Margaret R. Taber (April 29, 1935 – June 10, 2015) was a pioneer for women in engineering. She was an electrical and electronics engineering educator. She was the author of several nonfiction books and articles on computer programming. She has had computer labs named in her honor. She has established scholarships in her name.

==Early life==
Taber was born in St. Louis, Missouri, as the only child to Wynn Orr and Margaret Ruth (Feldman) Stevens. Her father was an electrical engineer. Her mother was a department store clerk. They divorced and her mother raised her alone during World War II.

They moved to Cleveland, Ohio, when Taber was in the sixth grade. Taber described her child-self as a tomboy. She had played with toy soldiers/sailors, pretended war, and owned a sailor suit. Before attending Wilbur Wright Junior High School, Tabor discovered the value of hard work. Tabor's favorite class at this point was physical education; she wanted to be a gym teacher.

At South High School in Akron, Ohio, Taber was inspired by many teachers. There was a math teacher who seated students according to their score on the math tests. Instead of intimidating Taber, it inspired her to compete for the first row. Taber was inspired by another unnamed teacher, who was so dedicated to their future in college that she taught physics at her own expense. The physics class was not provided by the school. Her mechanical drawing teacher allowed her to progress at her own rate. During Taber's time in high school, she decided on electrical engineering, because she believed it "took math the furthest of all the engineering".

==Education==
In 1958, Margaret graduated from Cleveland State University in Cleveland, Ohio. She had two bachelor's degrees in electrical engineering and engineering science, with an emphasis on mathematics. In 1967, Taber obtaining her Master of Science in engineering from the University of Akron. In 1976, Margaret received an Ed.D. from Nova Southeastern University in Fort Lauderdale, Florida.

==Career==
Taber was a licensed professional engineer and a certified engineering technologist.

Taber began her career at the Tocco Division of The Ohio Crankshaft Company as an engineering trainee and development engineer. Briefly, she was a digital systems consultant for Design and Development Inc. Then, Taber began working in academia as an instructor in electrical-electronic engineering at Cuyahoga Community College in Cleveland, Ohio. She went on to become an assistant, associate, and full professor as well as chairperson of Engineering Technologies at the college. In 1979, she became an associate professor at Purdue University and an educational consultant and writer for the Cleveland Institute of Electronics.
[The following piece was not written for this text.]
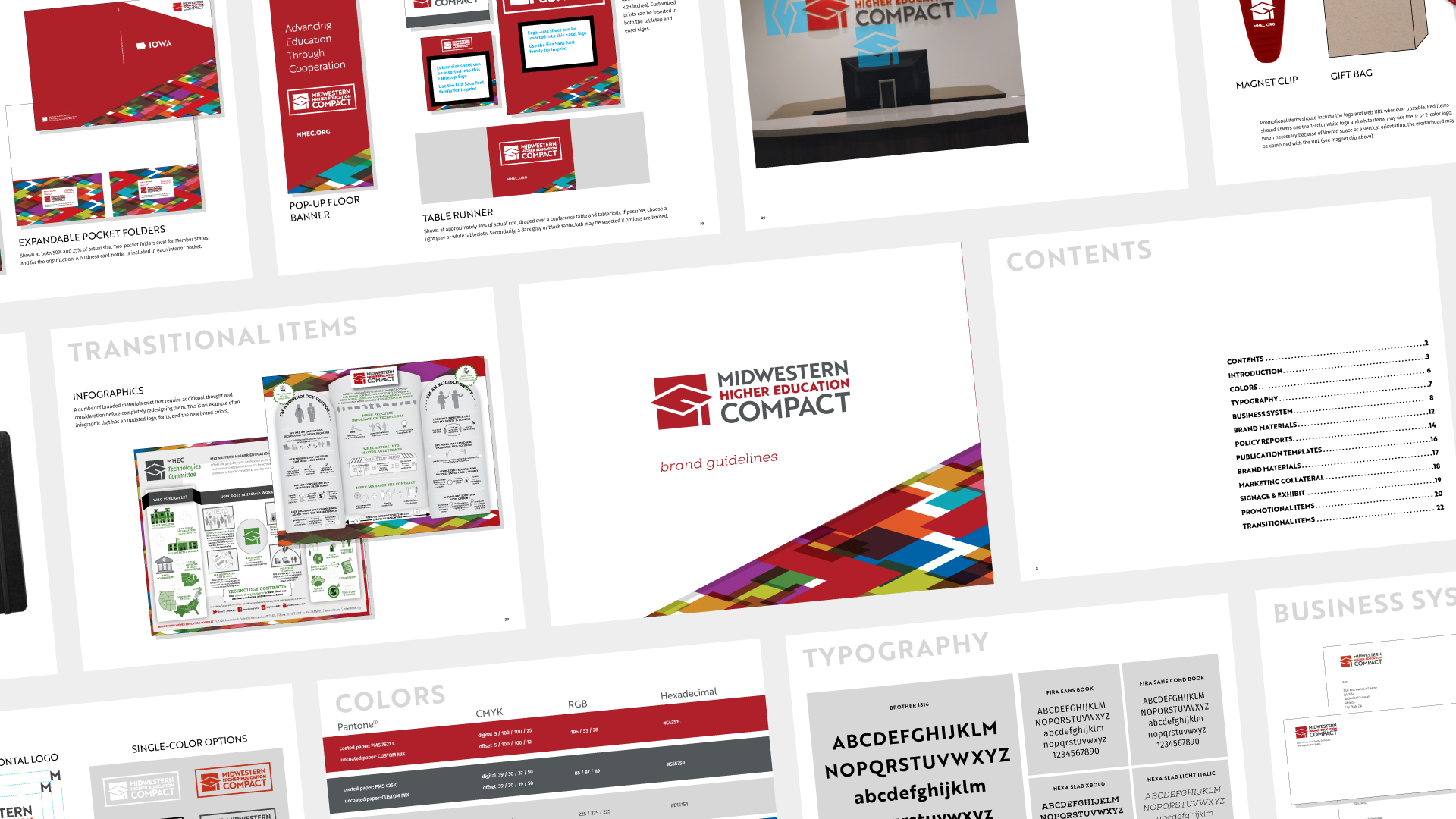 Case Study for From Reports to Rebrand: Designing for a Compact Committed to Progress Image 7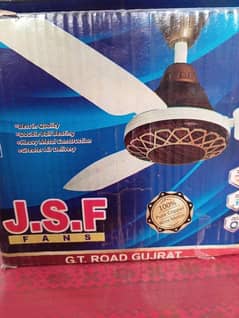 New JSF Gujrat Ceiling fan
Taber was the only woman faculty member of Purdue University's Department of Electrical Engineering Technology. She received tenure as an associate professor, was made full professor (1983-2000), and became a professor emeritus in 2000.

Taber has designed, developed, and taught many fundamental and advanced microprocessor courses. She has also written several books/manuals and articles on computer programming.

===Professional influence===
Taber was extremely supportive of women in engineering.

When Taber retired, Purdue University dedicated the Margaret R. Taber Microcomputer Lab in her honor.

In 1993, she established the Dr. Margaret R. Taber Scholarship for Women in Engineering to provide for outstanding women engineering students at the University of Akron. In 2007, she established a second scholarship fund for women in Electronic Engineering Technology.

===Awards===
In 1987, Taber received the 1987 Distinguished Engineering Educator Award from the Society of Women Engineers. In 1991, she was honored with the Helen B. Schleman Gold Medallion Award at Purdue University. She also received the Survivorship Award from the Greater Lafayette community. In 1994, she received the Outstanding Alumni Award from the University of Akron. In 2002, Taber received the Lifetime Leadership award from Cleveland State University.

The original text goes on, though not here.